All'evento Democratic Days organizzato dalla Ikea Foundation di Zurigo, dove è stata lanciata la sfida What Design Can Do Refugee Challenge a febbraio, lo scrittore e filosofo Alain de Botton ha parlato del potere del buon design. Ha parafrasato Stendhal, che ha affermato che la bellezza non è altro che la promessa della felicità. La bellezza non è la promessa del bonheur.

Secondo De Botton, un buon design ci aiuta a tirar fuori il meglio di noi stessi. Questa è anche la sfida. Tirare fuori il meglio di noi stessi e offrire ai rifugiati l'opportunità di svilupparsi durante i loro anni in attesa di uno status di residenza. In caso contrario, le loro prospettive sono davvero molto desolate.

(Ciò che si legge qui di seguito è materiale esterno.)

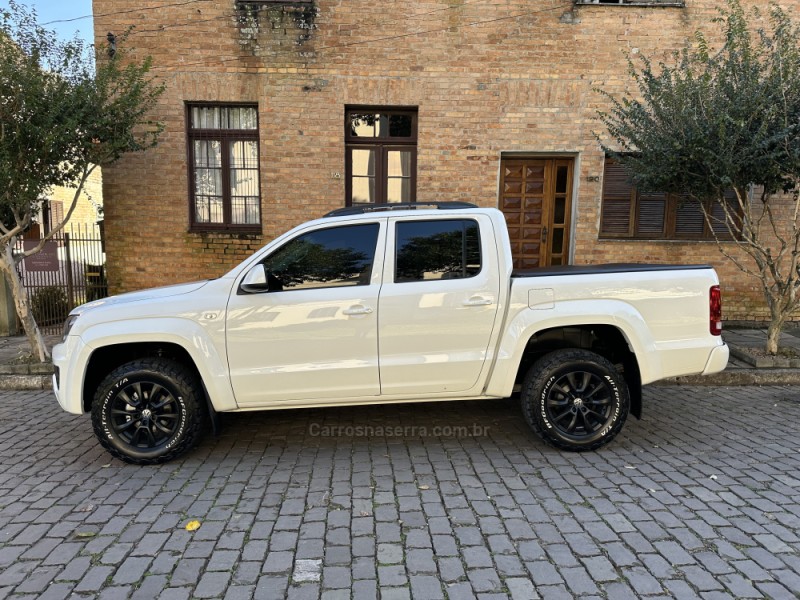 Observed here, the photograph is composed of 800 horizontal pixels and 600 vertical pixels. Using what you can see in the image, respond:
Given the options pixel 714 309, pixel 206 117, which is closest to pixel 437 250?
pixel 714 309

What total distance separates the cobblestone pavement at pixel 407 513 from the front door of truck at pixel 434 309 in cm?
68

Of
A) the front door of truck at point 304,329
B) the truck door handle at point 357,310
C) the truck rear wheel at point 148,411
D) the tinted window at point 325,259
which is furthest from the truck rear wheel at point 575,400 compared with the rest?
the truck rear wheel at point 148,411

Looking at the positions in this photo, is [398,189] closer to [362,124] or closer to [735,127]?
[362,124]

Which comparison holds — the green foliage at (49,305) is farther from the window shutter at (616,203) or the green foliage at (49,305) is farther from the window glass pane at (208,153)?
the window shutter at (616,203)

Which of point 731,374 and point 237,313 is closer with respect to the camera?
point 237,313

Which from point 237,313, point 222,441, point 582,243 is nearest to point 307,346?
point 237,313

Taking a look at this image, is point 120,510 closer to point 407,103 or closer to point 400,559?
point 400,559

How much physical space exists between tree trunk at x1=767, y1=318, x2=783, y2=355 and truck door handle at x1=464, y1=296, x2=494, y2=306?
485cm

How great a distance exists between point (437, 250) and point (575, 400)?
5.37 feet

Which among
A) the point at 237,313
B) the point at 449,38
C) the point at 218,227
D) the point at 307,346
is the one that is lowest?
the point at 307,346

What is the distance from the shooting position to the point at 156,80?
7.66m

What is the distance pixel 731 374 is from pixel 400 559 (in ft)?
17.2

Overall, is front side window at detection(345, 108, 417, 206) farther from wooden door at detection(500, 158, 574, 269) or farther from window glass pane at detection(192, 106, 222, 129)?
window glass pane at detection(192, 106, 222, 129)

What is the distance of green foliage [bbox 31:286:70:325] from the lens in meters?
8.05
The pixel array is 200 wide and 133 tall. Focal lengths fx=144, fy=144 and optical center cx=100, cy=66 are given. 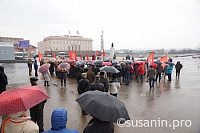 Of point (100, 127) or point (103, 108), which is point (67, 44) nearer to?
point (103, 108)

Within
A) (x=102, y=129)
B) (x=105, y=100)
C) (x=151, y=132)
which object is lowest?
(x=151, y=132)

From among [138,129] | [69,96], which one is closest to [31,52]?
[69,96]

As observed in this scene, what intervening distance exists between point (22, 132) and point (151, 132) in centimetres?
354

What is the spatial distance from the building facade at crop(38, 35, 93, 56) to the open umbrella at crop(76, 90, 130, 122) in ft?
250

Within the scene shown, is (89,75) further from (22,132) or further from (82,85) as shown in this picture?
(22,132)

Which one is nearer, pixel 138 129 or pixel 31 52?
pixel 138 129

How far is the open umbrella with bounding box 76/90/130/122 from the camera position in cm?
229

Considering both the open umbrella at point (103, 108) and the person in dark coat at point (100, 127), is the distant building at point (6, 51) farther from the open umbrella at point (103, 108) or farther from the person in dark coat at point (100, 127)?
the person in dark coat at point (100, 127)

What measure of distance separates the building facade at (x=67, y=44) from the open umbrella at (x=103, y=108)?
3001 inches

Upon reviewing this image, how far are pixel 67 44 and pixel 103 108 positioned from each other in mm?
86635

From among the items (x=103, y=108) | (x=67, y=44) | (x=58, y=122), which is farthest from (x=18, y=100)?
(x=67, y=44)

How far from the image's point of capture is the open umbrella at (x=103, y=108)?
229 centimetres

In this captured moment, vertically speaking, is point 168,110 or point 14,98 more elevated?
point 14,98

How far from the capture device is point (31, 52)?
219 feet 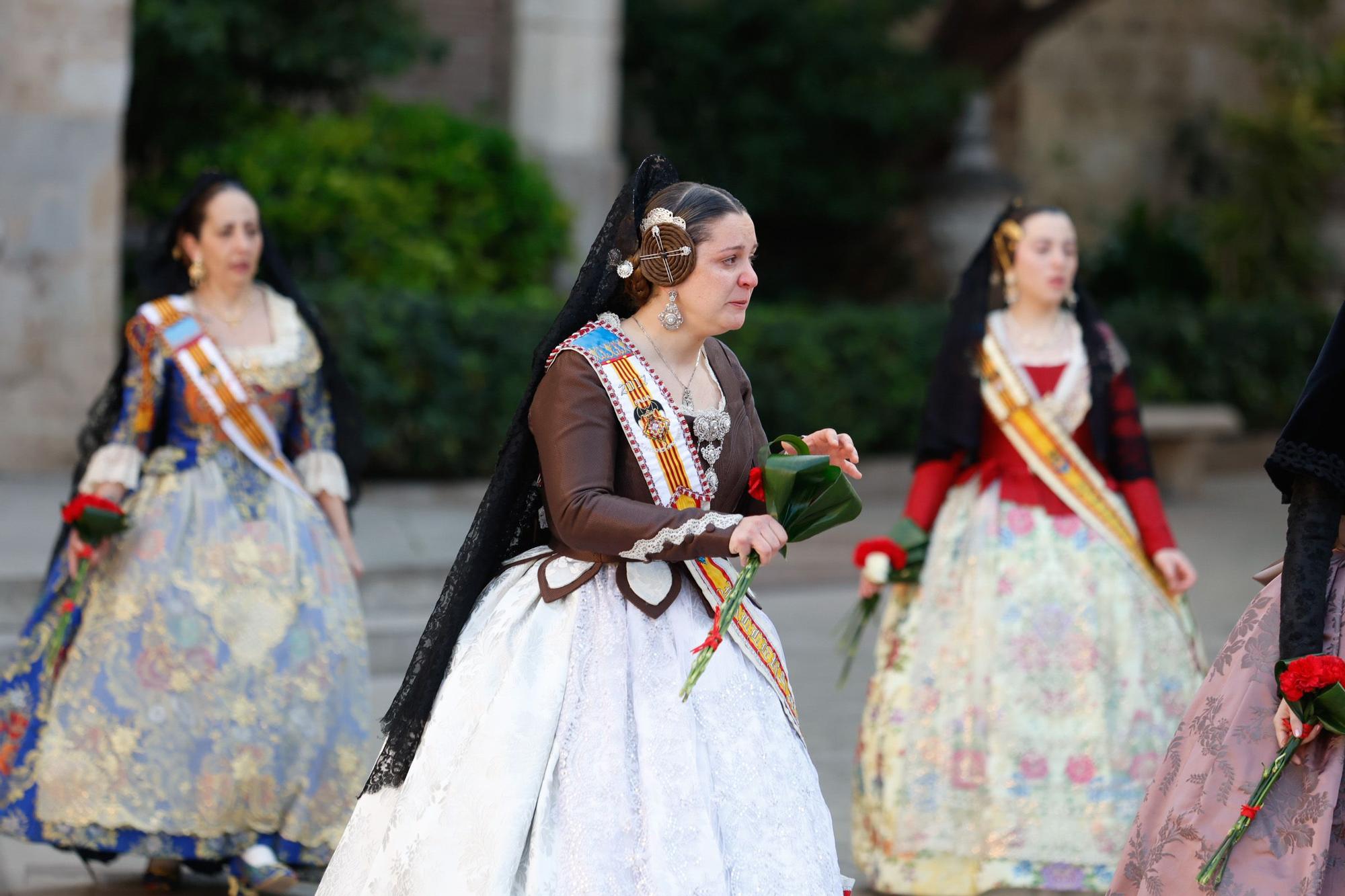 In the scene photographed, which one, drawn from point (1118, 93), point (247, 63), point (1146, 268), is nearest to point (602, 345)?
point (247, 63)

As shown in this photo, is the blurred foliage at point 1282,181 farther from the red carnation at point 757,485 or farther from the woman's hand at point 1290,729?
the red carnation at point 757,485

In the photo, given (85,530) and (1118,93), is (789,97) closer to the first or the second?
(1118,93)

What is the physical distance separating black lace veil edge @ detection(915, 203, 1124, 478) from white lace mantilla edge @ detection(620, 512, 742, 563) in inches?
92.5

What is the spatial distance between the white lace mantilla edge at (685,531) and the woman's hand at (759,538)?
0.08 m

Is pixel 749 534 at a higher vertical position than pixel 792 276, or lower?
higher

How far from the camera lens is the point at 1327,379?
327 cm

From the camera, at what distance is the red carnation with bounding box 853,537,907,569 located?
17.3 feet

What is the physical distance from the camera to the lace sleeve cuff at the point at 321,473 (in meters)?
5.32

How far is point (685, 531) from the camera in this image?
3.15m

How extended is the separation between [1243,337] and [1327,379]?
12542mm

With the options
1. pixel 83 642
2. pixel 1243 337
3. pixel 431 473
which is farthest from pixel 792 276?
pixel 83 642

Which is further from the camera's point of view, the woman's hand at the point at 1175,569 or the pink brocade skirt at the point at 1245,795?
the woman's hand at the point at 1175,569

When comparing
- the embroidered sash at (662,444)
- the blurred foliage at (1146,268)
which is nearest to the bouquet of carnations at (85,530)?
the embroidered sash at (662,444)

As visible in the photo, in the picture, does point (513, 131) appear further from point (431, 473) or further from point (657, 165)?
point (657, 165) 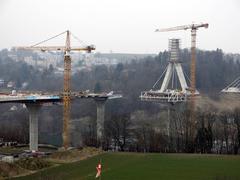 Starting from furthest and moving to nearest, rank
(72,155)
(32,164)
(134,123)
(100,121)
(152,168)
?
(134,123)
(100,121)
(72,155)
(32,164)
(152,168)

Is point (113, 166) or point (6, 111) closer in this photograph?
point (113, 166)

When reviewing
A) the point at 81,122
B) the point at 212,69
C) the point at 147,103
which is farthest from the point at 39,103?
the point at 212,69

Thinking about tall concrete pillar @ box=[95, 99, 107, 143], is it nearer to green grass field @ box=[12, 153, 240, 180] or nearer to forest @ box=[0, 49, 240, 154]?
forest @ box=[0, 49, 240, 154]

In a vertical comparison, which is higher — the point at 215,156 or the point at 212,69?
the point at 212,69

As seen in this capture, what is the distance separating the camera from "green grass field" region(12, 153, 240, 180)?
21.6m

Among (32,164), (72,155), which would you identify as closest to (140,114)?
(72,155)

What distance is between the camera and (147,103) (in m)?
68.8

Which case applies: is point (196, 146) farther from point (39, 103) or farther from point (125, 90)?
point (125, 90)

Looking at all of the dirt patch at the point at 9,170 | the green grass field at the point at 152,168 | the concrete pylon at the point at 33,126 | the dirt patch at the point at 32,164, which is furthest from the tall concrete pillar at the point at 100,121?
the dirt patch at the point at 9,170

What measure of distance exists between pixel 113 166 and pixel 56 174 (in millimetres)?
3484

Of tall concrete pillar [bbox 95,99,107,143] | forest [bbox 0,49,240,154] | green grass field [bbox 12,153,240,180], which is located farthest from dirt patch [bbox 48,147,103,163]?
tall concrete pillar [bbox 95,99,107,143]

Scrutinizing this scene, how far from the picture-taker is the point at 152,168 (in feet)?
78.5

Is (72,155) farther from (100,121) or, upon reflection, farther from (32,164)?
(100,121)

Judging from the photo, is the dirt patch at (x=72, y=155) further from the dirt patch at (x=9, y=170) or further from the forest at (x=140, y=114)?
the forest at (x=140, y=114) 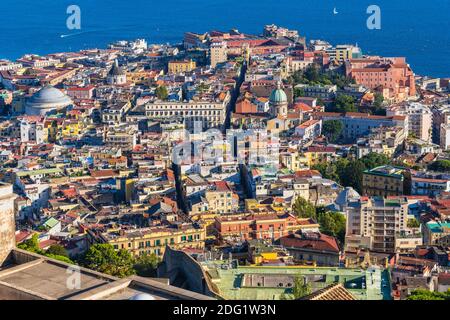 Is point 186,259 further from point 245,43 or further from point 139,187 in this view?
point 245,43

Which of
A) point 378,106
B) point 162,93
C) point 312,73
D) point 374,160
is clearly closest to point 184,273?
point 374,160

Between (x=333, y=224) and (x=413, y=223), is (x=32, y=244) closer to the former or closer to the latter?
(x=333, y=224)

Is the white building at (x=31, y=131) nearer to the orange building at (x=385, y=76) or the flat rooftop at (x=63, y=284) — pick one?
the orange building at (x=385, y=76)

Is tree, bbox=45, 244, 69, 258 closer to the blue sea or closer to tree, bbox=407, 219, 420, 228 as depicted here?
tree, bbox=407, 219, 420, 228

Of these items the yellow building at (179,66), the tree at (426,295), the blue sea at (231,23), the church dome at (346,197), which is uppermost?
the blue sea at (231,23)

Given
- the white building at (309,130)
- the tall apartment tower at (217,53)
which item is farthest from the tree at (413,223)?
the tall apartment tower at (217,53) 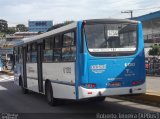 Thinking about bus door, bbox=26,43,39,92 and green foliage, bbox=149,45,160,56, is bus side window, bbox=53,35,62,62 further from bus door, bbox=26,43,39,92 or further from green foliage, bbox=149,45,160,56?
green foliage, bbox=149,45,160,56

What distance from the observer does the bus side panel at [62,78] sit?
12.6m

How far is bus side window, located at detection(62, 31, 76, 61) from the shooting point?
12.5 metres

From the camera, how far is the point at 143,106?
44.9 ft

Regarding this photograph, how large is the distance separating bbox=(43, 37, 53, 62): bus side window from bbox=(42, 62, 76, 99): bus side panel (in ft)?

Chiunque fugge dalla guerra, dalla violenza o dalle violazioni dei diritti umani merita riparo e solidarietà. Eppure le comunità di accoglienza sono mal preparate per l'arrivo improvviso di così tante persone che sono spesso in difficoltà, traumatizzate e prive di tutti i beni.

Ciò che il design può fare, la nostra organizzazione e la nostra sfida ai rifugiati, non riguarda le cure magiche. Si tratta di un atteggiamento.

Questa sfida è un invito all'azione per una, forse anche due generazioni di designer che credono segretamente che, nonostante il nostro passato turbolento, il problema attuale sia senza precedenti, o almeno lo sia.